O trabalho infantil a que muitas crianças e adolescentes são obrigados é o que deixa meninos e meninas com as mãos queimadas por ácido e perdem as digitais dos dedos no processo de quebra da castanha de caju, como mostrou uma reportagem do jornal Folha de São Paulo, ainda em 2013, no Rio Grande do Norte. Ele está relacionado à evasão escolar, à falta de alternativas e de futuro.

A proteção à infância é um dos direitos sociais garantidos na Constituição Federal e teve avanços importantes nesses 30 anos desde sua promulgação, no combate ao trabalho infantil. A exploração de mão de obra de crianças foi fortemente reduzida, enquanto o trabalho ilegal de adolescentes também virou alvo de ações governamentais. O novo desafio é manter o ritmo da queda, coisa que não vamos conseguir se depender das declarações do presidente.

Diz o artigo 6º da Constituição Federal: São direitos sociais a educação, a saúde, a alimentação, o trabalho, a moradia, o transporte, o lazer, a segurança, a previdência social, a proteção à maternidade e à infância, a assistência aos desamparados, na forma desta Constituição.
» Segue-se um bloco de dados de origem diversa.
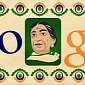 Google Honors Indian Poet and Activist Sarojini Naidu with Doodle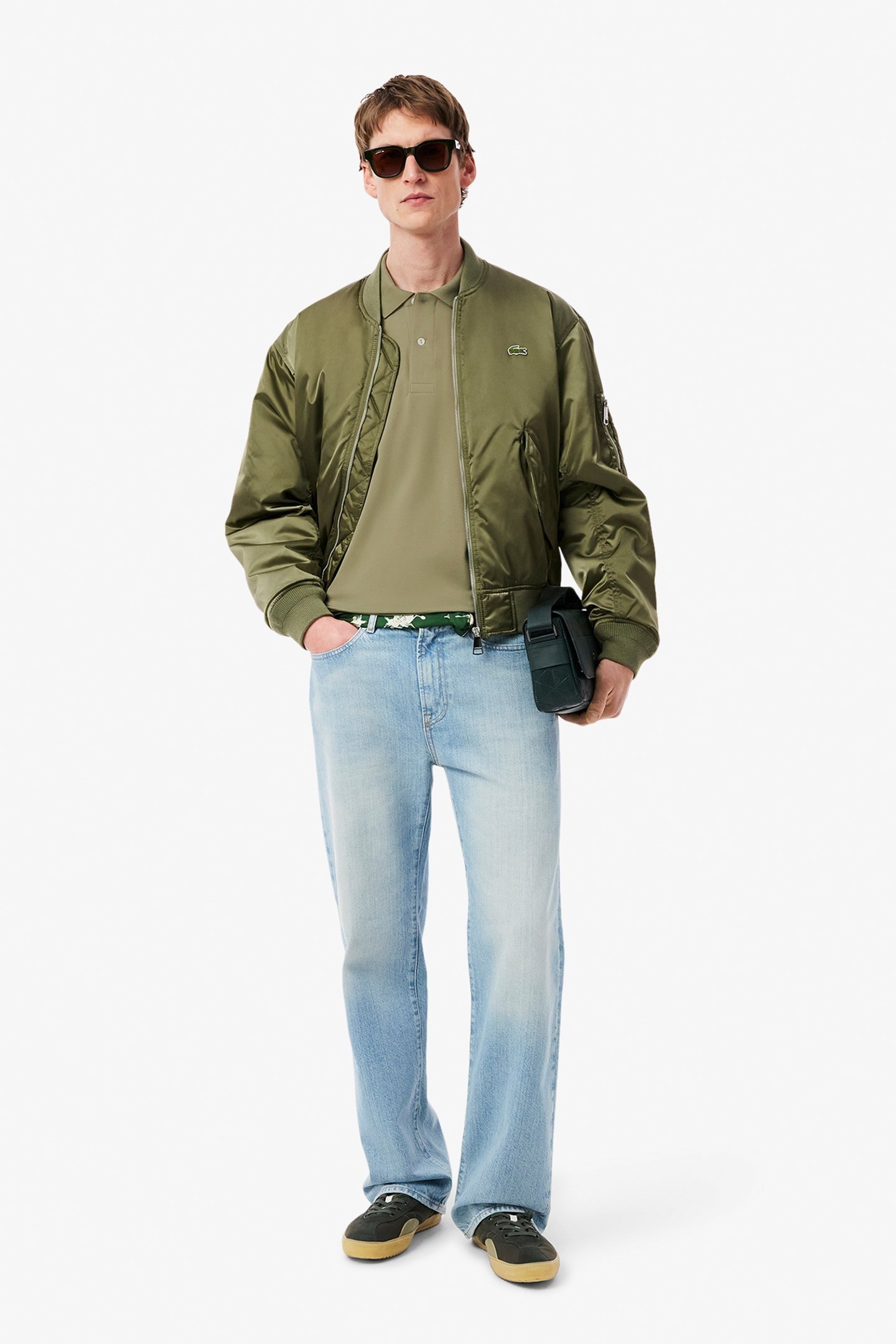 SHORTSLEEVE POLO KHAKI 4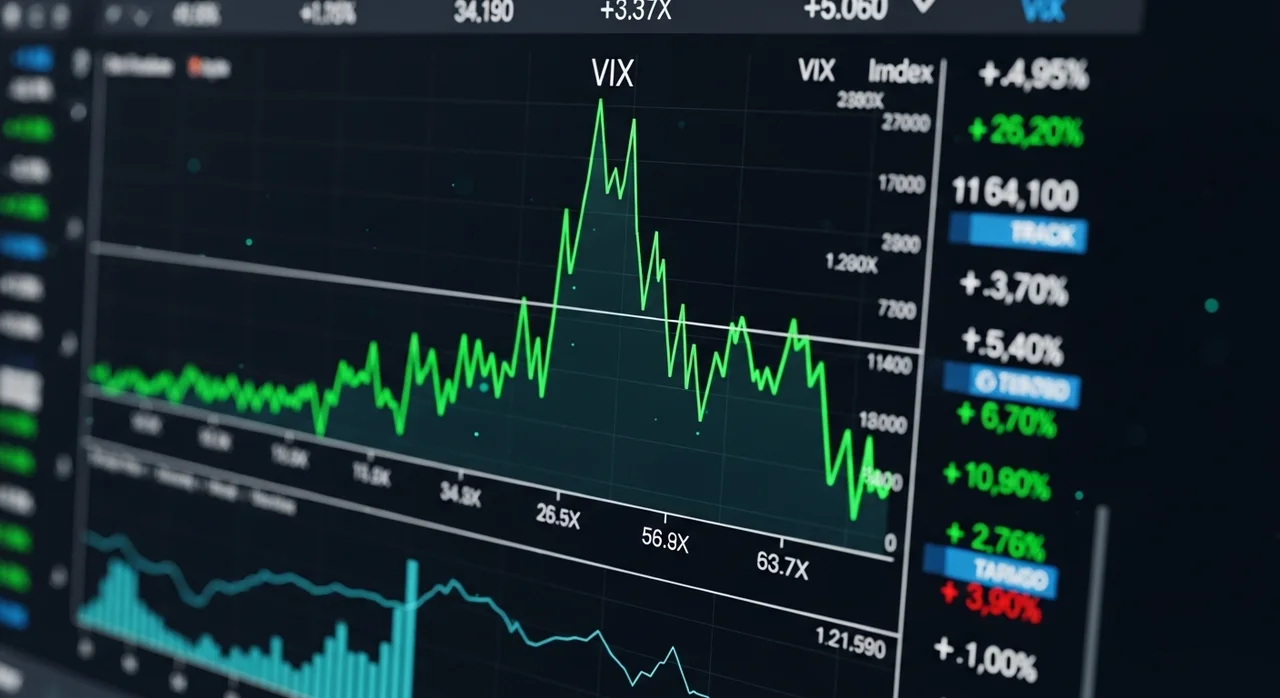 시장 공포를 읽는 눈, 변동성 지수(VIX)란?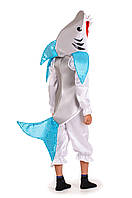 Дитячий карнавальний костюм Акула на зріст 120-130 см
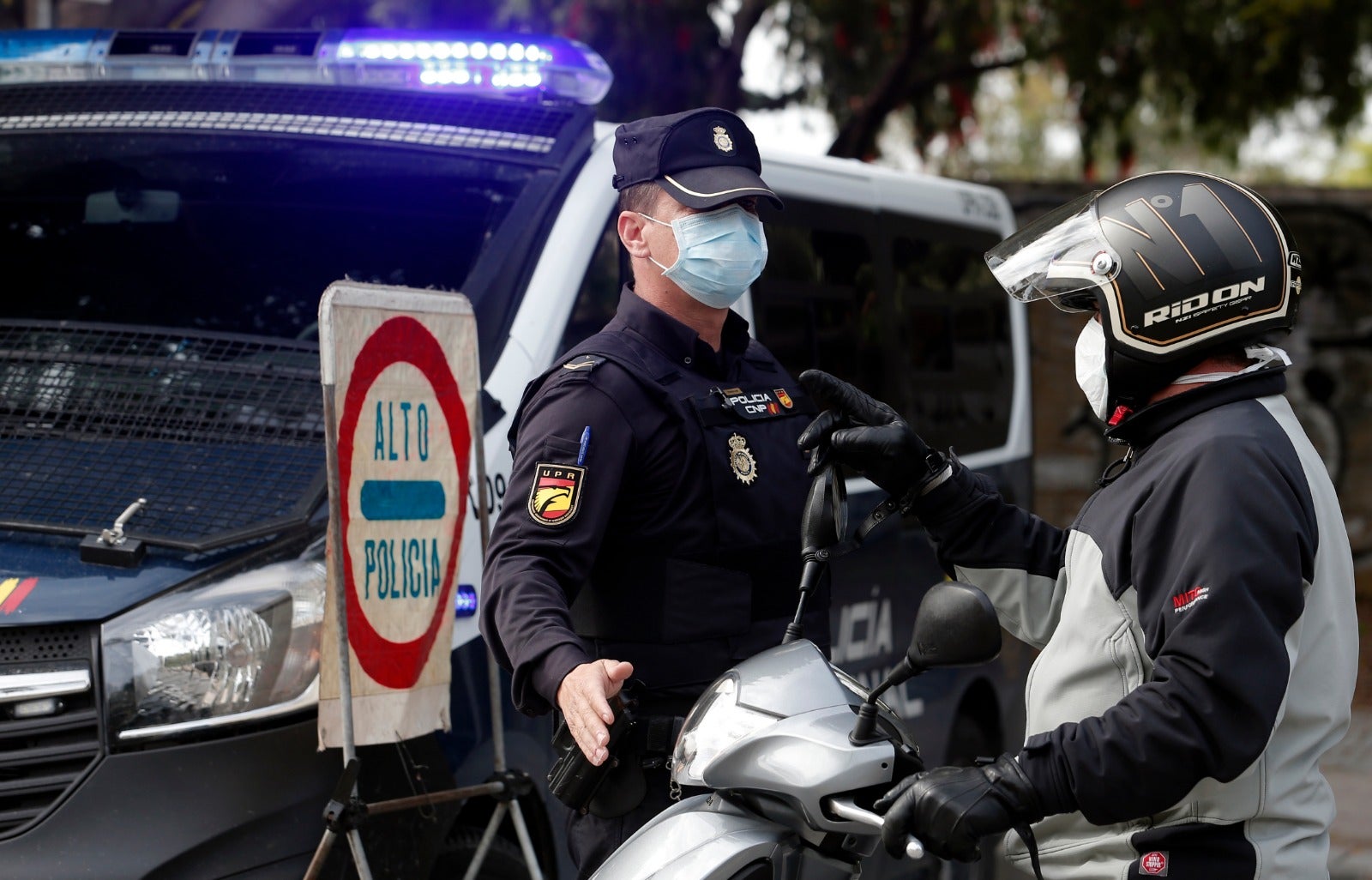 La Málaga vaciada: así se muestra una capital en Estado de Alarma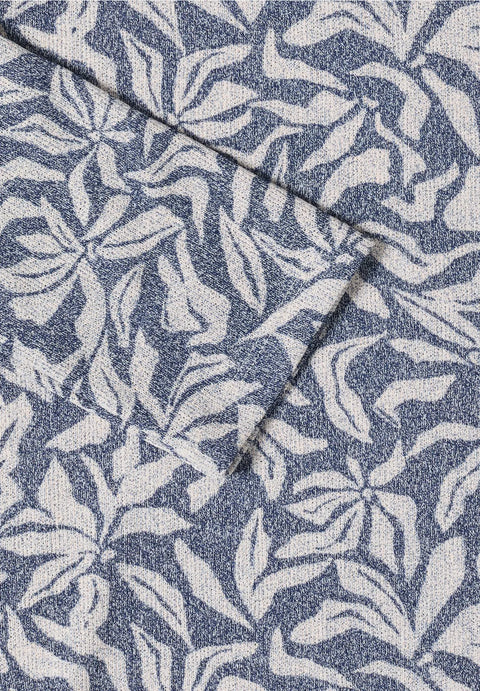 Cecil 3/4 Sleeve Hoody with Print Detail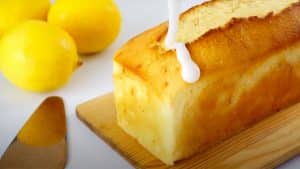 How to Bake a Velvety Lemon Loaf Cake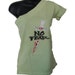 No Fear: Women No fear t shirt, shoulder off style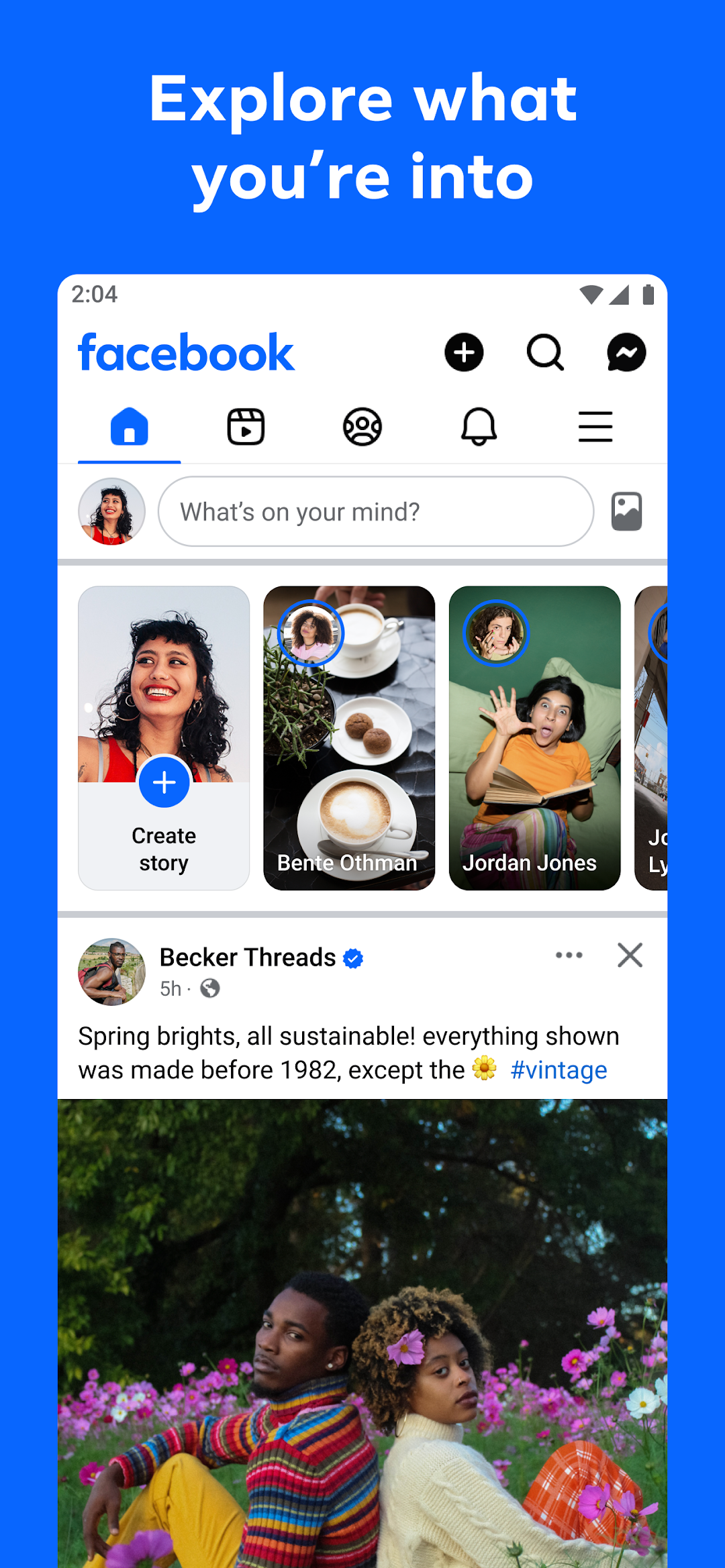 Facebook mod apk screenshot 4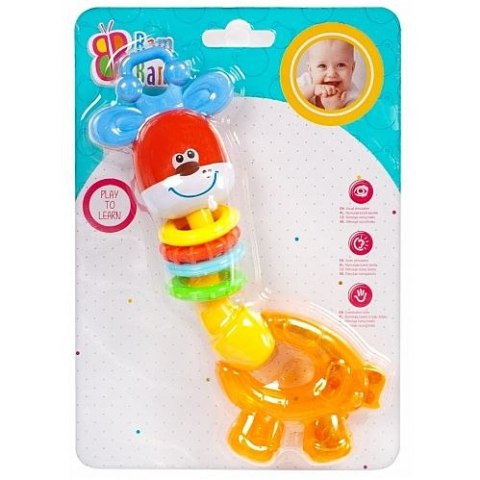 Grzechotka Bam Bam żyrafka (414252) Grzechotka Bam Bam żyrafka (414252)
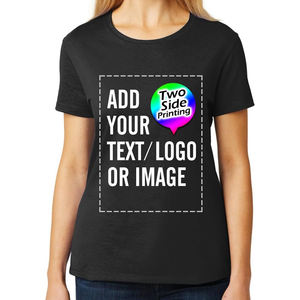 Camiseta unisex de algodón de alta calidad, personalizada, manga corta, impresa digitalmente, informal de verano, de talla grande, con logotipo, bordado sólido para hombres - Product Image 6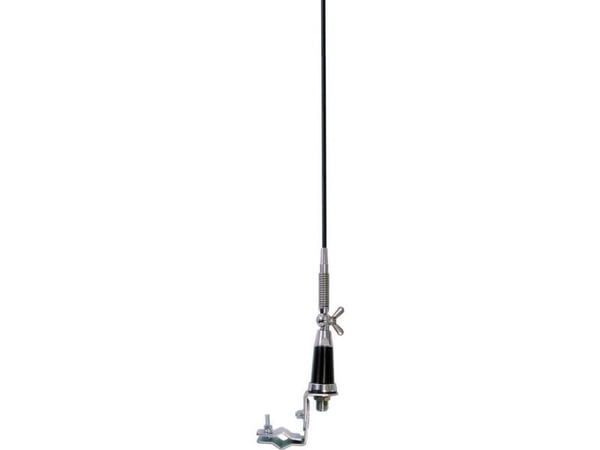 Albrecht CB-27, Kiinteä kiinnitys, 4 m, 1140 mm, Musta, Harmaa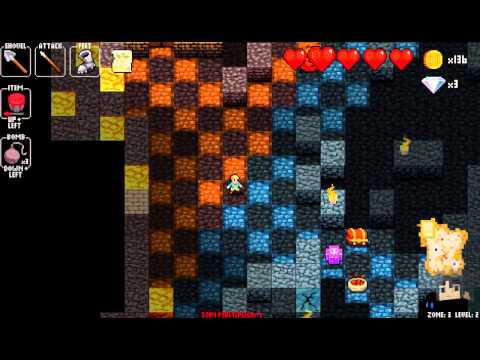 Pak Plays 12/17/2014 - Crypt of the NecroDancer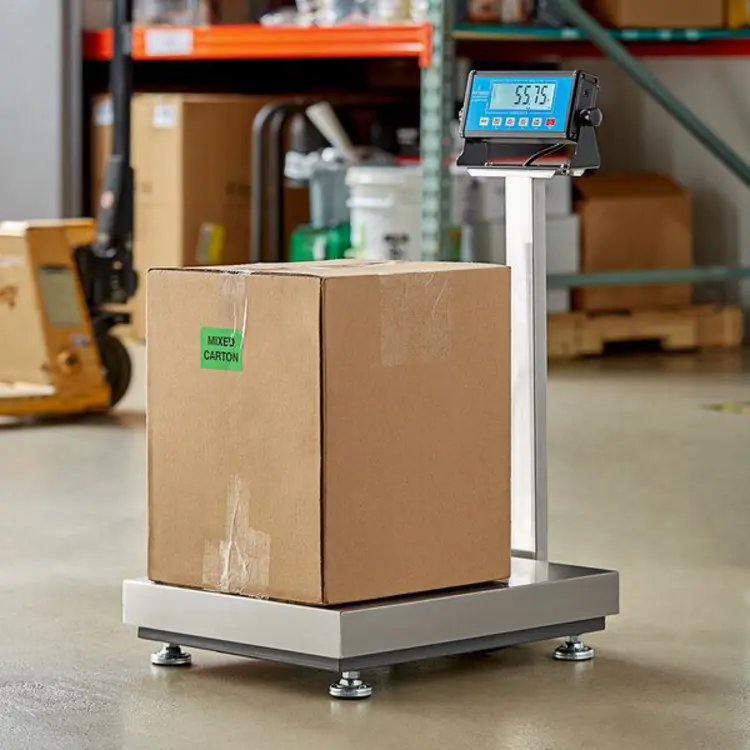 เครื่องชั่งดิจิตอลแบบตั้งพื้น ไอเทมคู่ร้านค้าขนาดใหญ่ที่ควรมีติดร้าน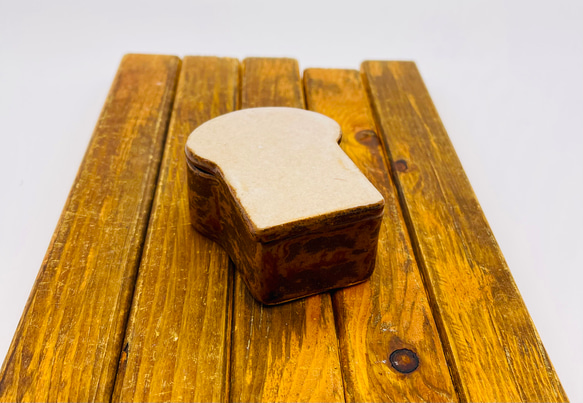 麵包形奶油盒（耐熱）小號 第1張的照片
As infelizes declarações do Presidente da República são dignas de indignação de qualquer um que realmente defenda o direito à vida e dignidade do povo brasileiro. Num país com tamanha desigualdade é no mínimo absurdo e bizarro o Estado abrir mão da defesa do direito ao sonho, esperança e educação da juventude.

Quem realmente defende “Brasil acima de tudo” e preza pela soberania do nosso país sabe que não há soberania popular maior do que todas as crianças brasileiras terem casa pra morar, comida pra comer, escola pra estudar e sonho pra sonhar.

Lutamos para que o slogan “as crianças são o futuro do Brasil” não seja apenas discurso e sim realidade. Delas e de nossa luta depende se realmente teremos um futuro.

Pedro Gorki é estudante e presidente da UBES.